■ Exercise details
Verbatim copy without pictures. Please print every entry as it stands.

-- Available data follows --

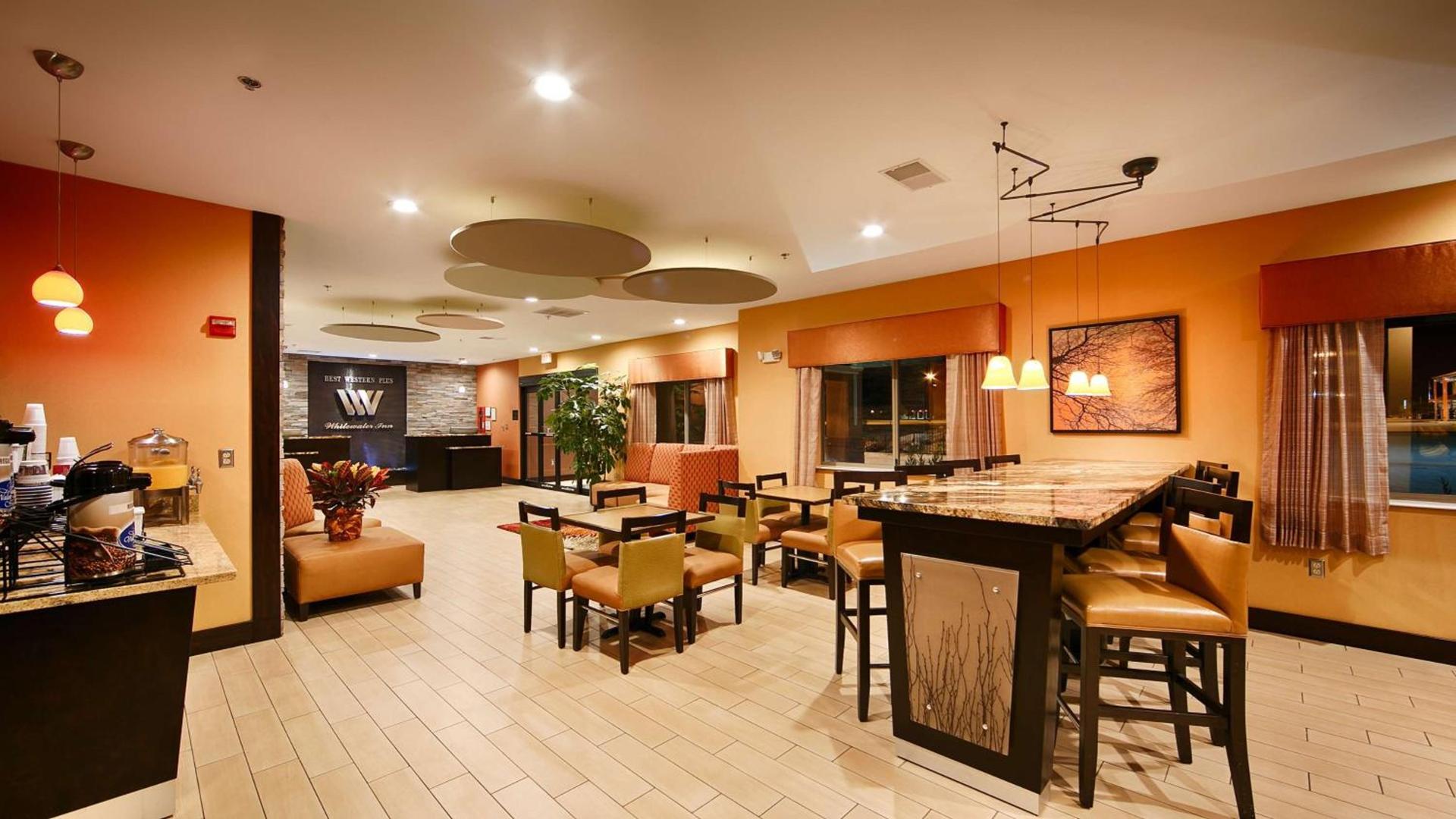 Best Western Plus Whitewater Inn photo 10
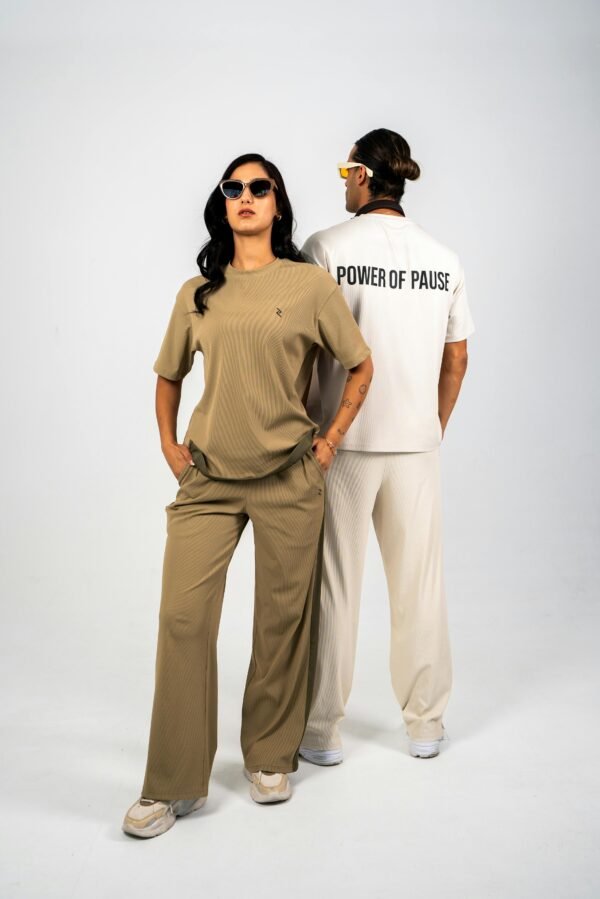 عرض بدلتين رياضيتين + قميص مجاني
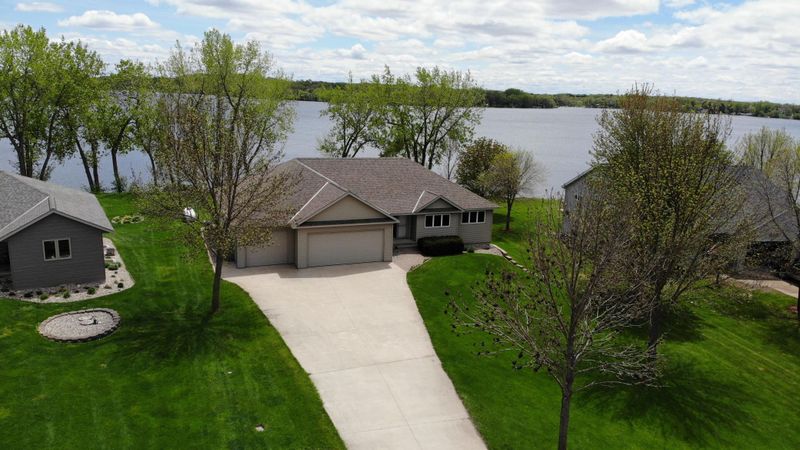 4673 NE 141 Ave, Spicer, MN 56288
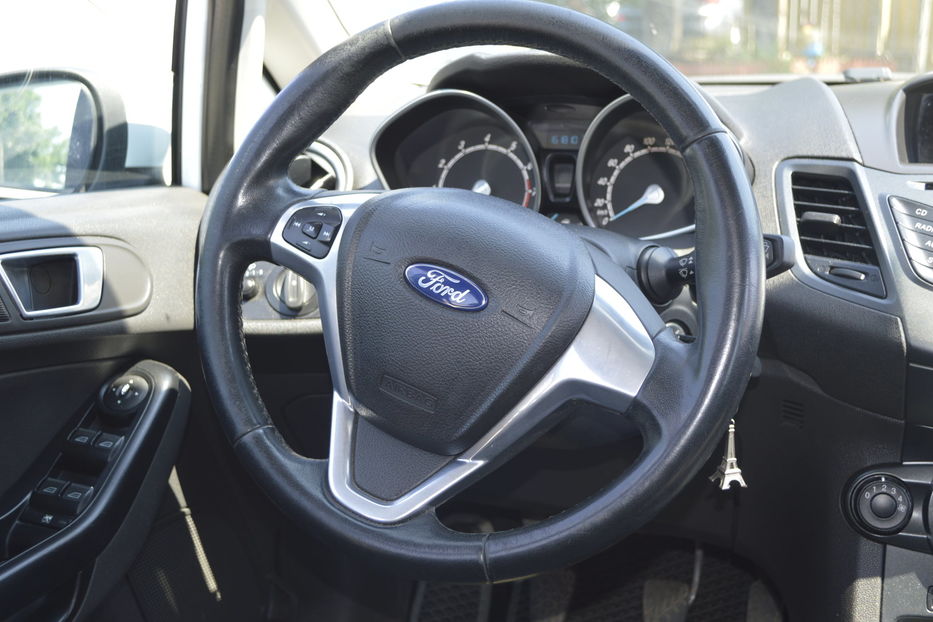 Продам Ford Fiesta 2013 года в Одессе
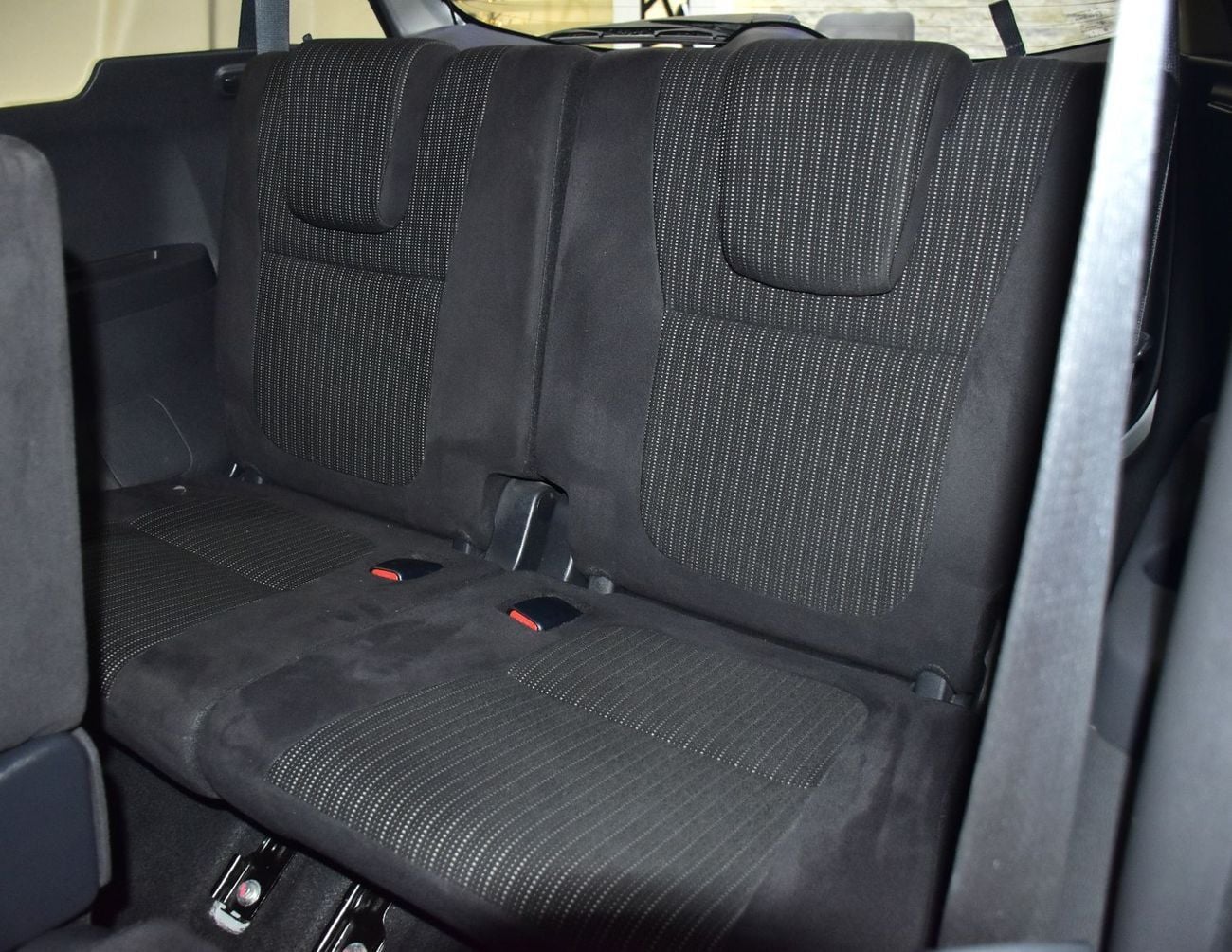 ميتسوبيشي إكسباندر EXCELLENT DEAL for our Mitsubishi Xpander ( 2022 Model ) in Silver Color GCC Specs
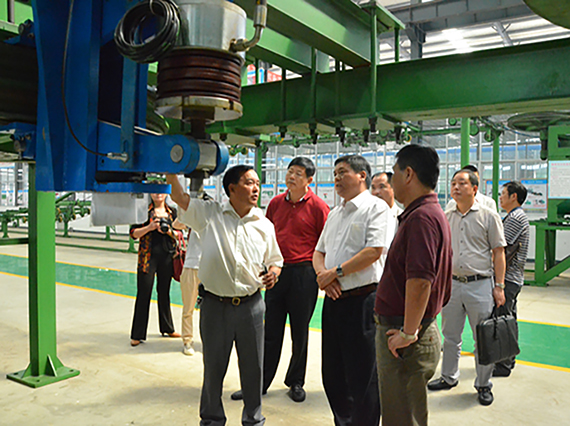 國家煤監(jiān)局科技裝備司副司長彎效杰我公司考察指導(dǎo)工作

-- Available data concluded --

■ Output for this exercise
 Best Western Plus Whitewater Inn photo 10
 عرض بدلتين رياضيتين + قميص مجاني
 4673 NE 141 Ave, Spicer, MN 56288
 Продам Ford Fiesta 2013 года в Одессе
 ميتسوبيشي إكسباندر EXCELLENT DEAL for our Mitsubishi Xpander ( 2022 Model ) in Silver Color GCC Specs
 國家煤監(jiān)局科技裝備司副司長彎效杰我公司考察指導(dǎo)工作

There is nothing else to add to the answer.